Again, if it were me, Reg Force infantry battalions when, they were being cut down in manpower, I would have held on to all the specialist companies platoons before I would have maintained my full strength rifle coys. Equally I would have held onto my weapons dets, 4 per company, and reduced my rifle sections from 10 men to 6.
The role of the reserves would then be to thicken up the sections (12 men from one Reserve unit would bring a Regular Platoon back up to strength) in Roto 0 to 2. If the operation proceeded longer than that then they could be brought up to trained platoon and trained company status and deployed as required.
In the US the Army instructs its COs, when they are sent to their training exercises, that if they are short of manpower they are to man their crew served weapons and vehicles as a priority. The rifles suffer accordingly.
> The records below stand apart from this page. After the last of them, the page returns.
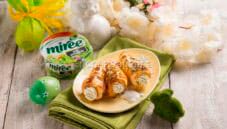 Cannoncini ripieni di mousse alle erbe aromatiche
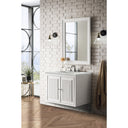 Glossy White / Eternal Jasmine Pearl - 3 Faucet Holes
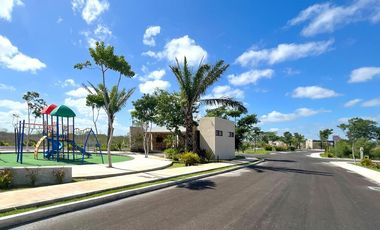 CASA EN VENTA MERIDA, SITPACH, PRIVADA CAMELIA, ENTREGA INMEDIATA.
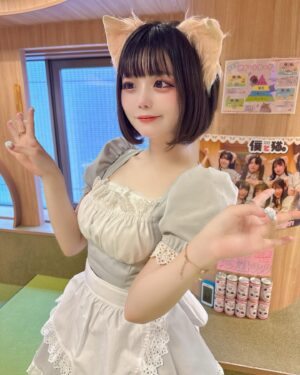 Hina Koyama Instagram - ﾒｲﾂのiPhoneカメラにしたのとタレ目メイクにしたの変？(υ´•̥ ﻌ •̥`υ)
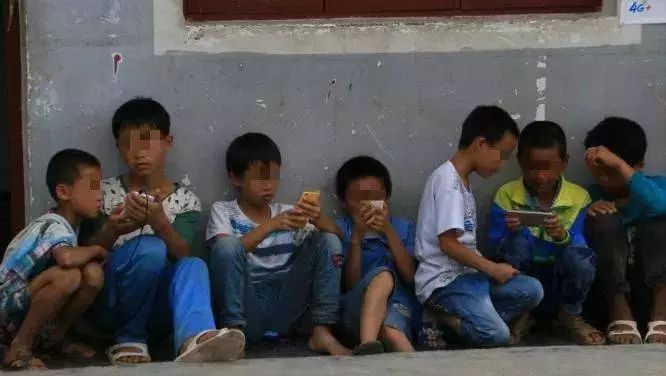 中国穷人的孩子,正在被手机废掉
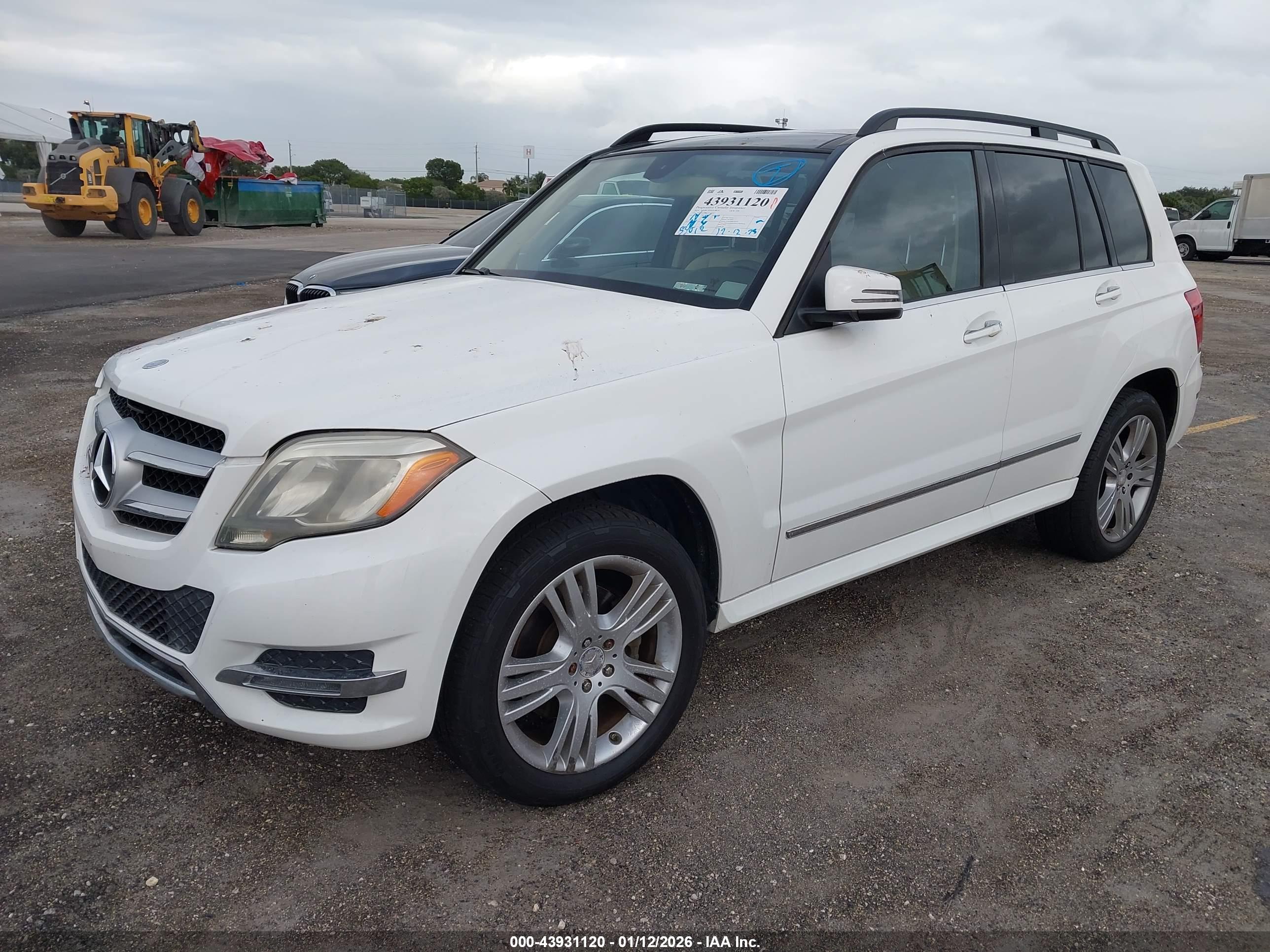 MERCEDES-BENZ GLK image 2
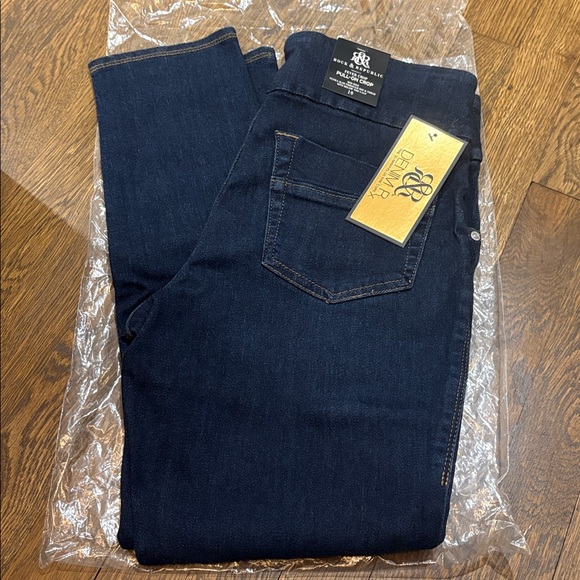 Rock & Republic Women's Denim Rx Fever Pull On Crop Jeans - Picture 4 of 6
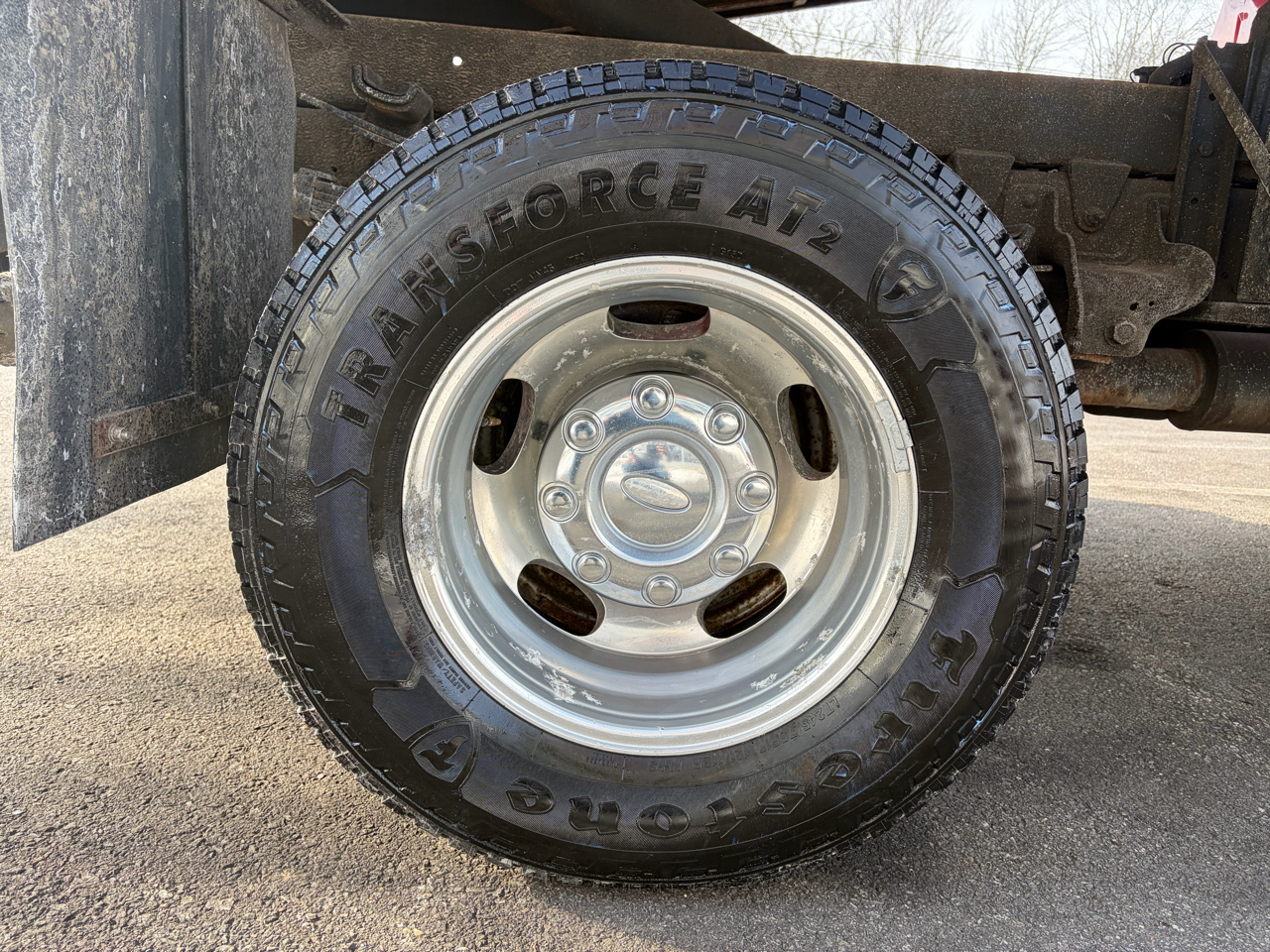 Ford Super Duty F-350 DRW  2013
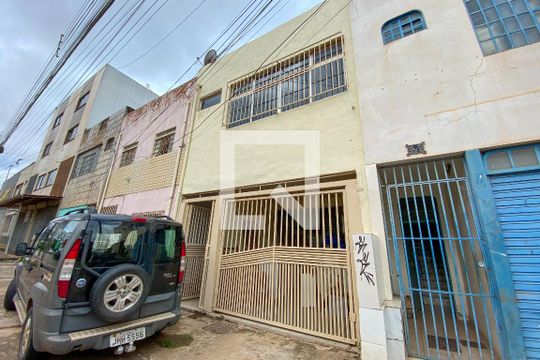 Fachada de kitnet/studio para alugar com 2 quartos, 50m² em Samambaia Sul (samambaia), Brasília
In 309(3) the advice used to be the same.
Rifles are not cannon fodder. They are too valuable for that. But the key elements of a good rifleman, a good assault trooper, are physical fitness and attitude. Add in small arms training and small unit tactics, which can be accomplished locally, and you can turn out useful platoons of rifles at relatively low cost.
With respect to the clerks in Ottawa: as I was taking a look at the role of the Adjutant (for discussion in the expanding HQ thread) I was surprised to discover that the Brits had created something call the Adjutant General's Corps into which the enrolled all the clerks from Transport, REME, Post, Catering .... you name it. It then dawned on me that Canada has done something of the same thing.
I get the idea of a common training syllabus for clerks but why do they have a separate command structure? A separate empire. Shouldn't they be creatures of the organizations and the commanders they serve? Does the clerical empire contribute to the ever expanding HQs?